Besides, the running logs of experiments picked for figure plotting are provided, under directory LAPP_ckpt/
.
If the user want to feed their customized environment information for the LLM, following modifications should be made:
- Add your own prompt template under directory
LAPP_prompt_library/
- In
isaacgymenvs/isaacgymenvs/LAPP_main.py
, you should modify the task_name list, and also specify the path of reading the corresponding config files - In the corresponding task file, i.e.
isaacgymenvs/isaacgymenvs/tasks/shadow_hand_pen.py
, please design the information you would like to collect; also, you can design your own reward function- Important note: you need a function LAPP_init_buf() to claim the variable before reference to avoid error, which you can refer to other files for example
- In
rl_games/rl_games/common/LAPP_a2c_common.py
, there're several regions/comments labeled as [DIY], for these parts, you can modify to your need - In
rl_games/rl_games/common/LAPP_transformer/transformer_trainer.py
, there is one region/comment labeled as [DIY], where you can modify the information you pass in for transformer training
- The coefficient before apply_force in some task code is quite large, causing the possibility of simulation "explosion". In other words, some NaN/Inf will appear in data because the force is abnormally large, which causes the training and simulation to stop. For a more stable training, you can decrease the coefficient.

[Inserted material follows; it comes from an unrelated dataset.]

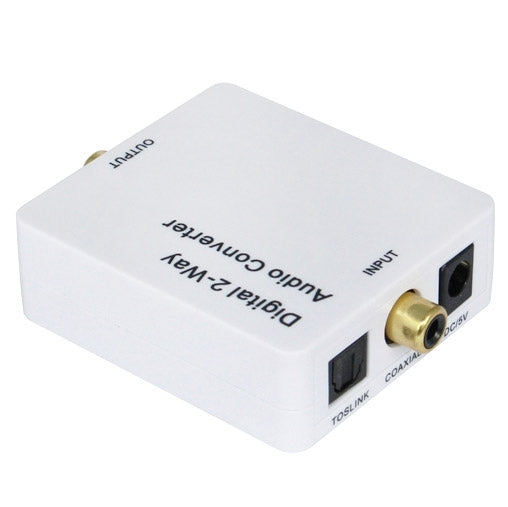 HDV-2CT Mini Digital 2-way Audio Converter, Coaxial to Toslink or Toslink to Coaxial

- The training results can vary greatly, due to the randomness nature of LLM queries. So it may happen that you can not reach same high success rate as our result, but you should witness some good results if you repeat for some times.
For the code of the locomotion tasks, check out: https://github.com/generalroboticslab/LAPP
This project refers to the github repositories Unitree RL GYM, RSL RL, and Isaac Gym.
This repository is released under the CC BY-NC-ND 4.0 License. Duke University has filed patent rights for the technology associated with this article. For further license rights, including using the patent rights for commercial purposes, please contact Duke’s Office for Translation and Commercialization ([email protected]) and reference OTC File 8724. See LICENSE for additional details.